**Supplied material**
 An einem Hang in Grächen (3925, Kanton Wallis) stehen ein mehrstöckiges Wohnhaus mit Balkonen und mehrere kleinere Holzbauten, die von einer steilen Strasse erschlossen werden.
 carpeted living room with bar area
==
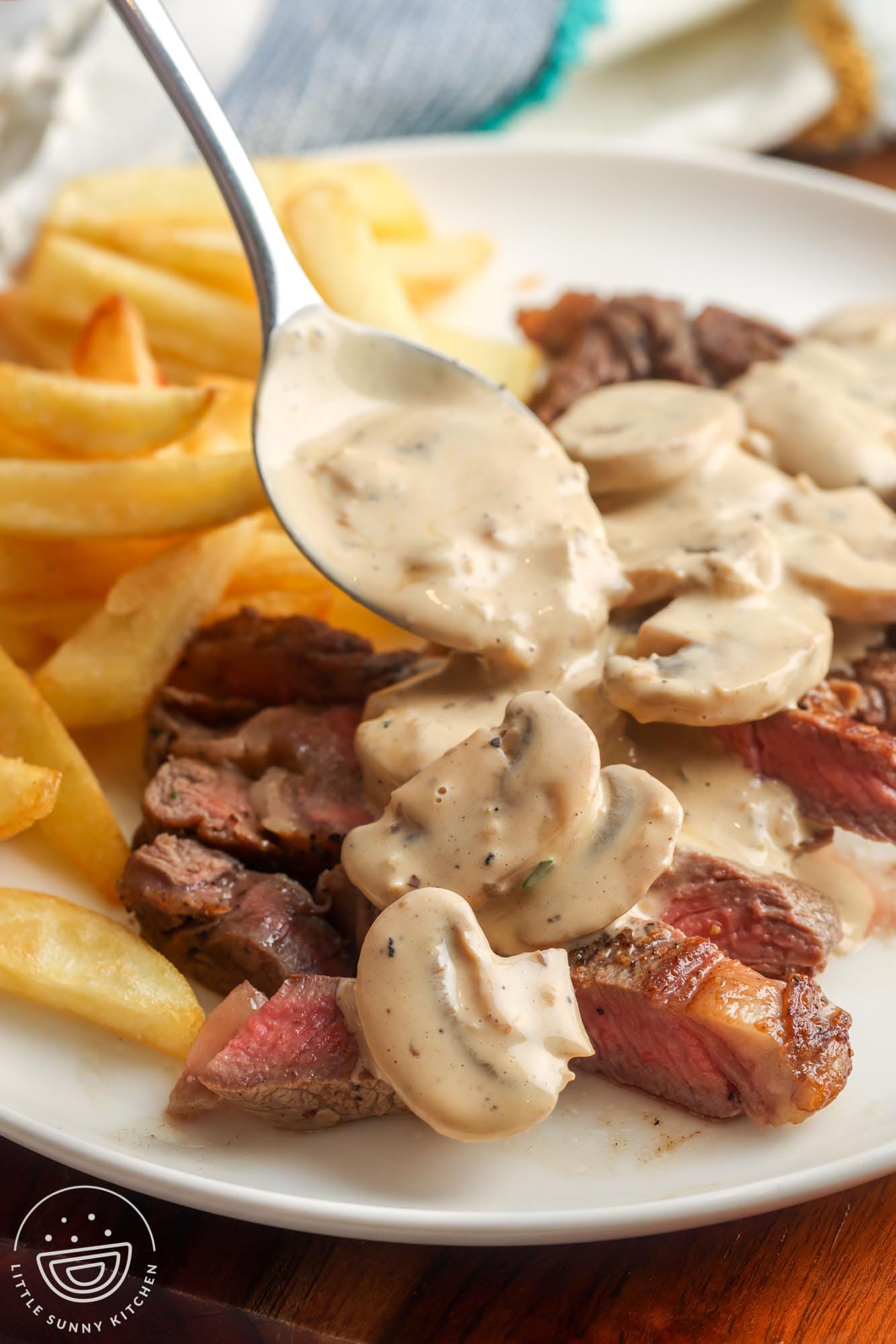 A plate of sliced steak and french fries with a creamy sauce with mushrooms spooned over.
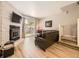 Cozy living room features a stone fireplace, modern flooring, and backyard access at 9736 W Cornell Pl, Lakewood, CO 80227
...
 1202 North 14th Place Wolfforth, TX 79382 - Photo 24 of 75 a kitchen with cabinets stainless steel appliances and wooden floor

**What is expected**
Reproduce exactly the lines above from the line with "An einem Hang" to the line with "carpeted living room with bar area", including both, and add nothing.

**Exercise answer**
 An einem Hang in Grächen (3925, Kanton Wallis) stehen ein mehrstöckiges Wohnhaus mit Balkonen und mehrere kleinere Holzbauten, die von einer steilen Strasse erschlossen werden.
 carpeted living room with bar area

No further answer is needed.